Maria. Es ist sein guter Wille so.
Elisabeth. Wohl muß er, lieber Karl.
Karl. Warum?
Elisabeth. Weißt du noch, wie er das letztemal ausritt, da er dir Weck mitbrachte?
Karl. Bringt er mir wieder mit?
Elisabeth. Ich glaub wohl. Siehst du, da war ein Schneider von Stuttgart, der war ein trefflicher Bogenschütz, und hatte zu Köln auf'm Schießen das Beste gewonnen.
Karl. War's viel?
Elisabeth. Hundert Taler. Und darnach wollten sie's ihm nicht geben.

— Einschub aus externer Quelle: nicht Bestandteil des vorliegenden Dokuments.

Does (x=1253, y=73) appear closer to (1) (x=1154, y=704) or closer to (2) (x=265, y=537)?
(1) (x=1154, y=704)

Maria. Gelt, das ist garstig, Karl?
Karl. Garstige Leut!
Elisabeth. Da kam der Schneider zu deinem Vater und bat ihn, er möchte ihm zu seinem Geld verhelfen. Und da ritt er aus und nahm den Kölnern ein paar Kaufleute weg, und plagte sie so lang, bis sie das Geld herausgaben. Wärst du nicht auch ausgeritten?
Karl. Nein! da muß man durch einen dicken, dicken Wald, sind Zigeuner und Hexen drin.
Elisabeth. Ist ein rechter Bursch, fürcht sich vor Hexen!
Maria. Du tust besser, Karl! leb du einmal auf deinem Schloß als ein frommer christlicher Ritter. Auf seinen eigenen Gütern findet man zum Wohltun Gelegenheit genug. Die rechtschaffensten Ritter begehen mehr Ungerechtigkeit als Gerechtigkeit auf ihren Zügen.
Elisabeth. Schwester, du weißt nicht, was du redst. Gebe nur Gott, daß unser Junge mit der Zeit braver wird, und dem Weislingen nicht nachschlägt, der so treulos an meinem Mann handelt.
Maria. Wir wollen nicht richten, Elisabeth. Mein Bruder ist sehr erbittert, du auch. Ich bin bei der ganzen Sache mehr Zuschauer, und kann billiger sein.
Elisabeth. Er ist nicht zu entschuldigen.
Maria. Was ich von ihm gehört, hat mich eingenommen. Erzählte nicht selbst dein Mann so viel Liebes und Gutes von ihm! Wie glücklich war ihre Jugend, als sie zusammen Edelknaben des Markgrafen waren!
Elisabeth. Das mag sein. Nur sag, was kann der Mensch je Gutes gehabt haben, der seinem besten treusten Freunde nachstellt, seine Dienste den Feinden meines Mannes verkauft, und unsern trefflichen Kaiser der uns so gnädig ist, mit falschen widrigen Vorstellungen einzunehmen sucht.
Karl. Der Vater! der Vater! Der Türner bläst 's Liedel:»Heisa, mach 's Tor auf.»
Elisabeth. Da kommt er mit Beute.
(Ein Reiter kommt.)
Reiter. Wir haben, gejagt! wir haben gefangen! Gott grüß Euch, edle Frauen.
Elisabeth. Habt ihr den Weislingen?
Reiter. Ihn und drei Reiter.
Elisabeth. Wie ging's zu, daß ihr so lang ausbleibt?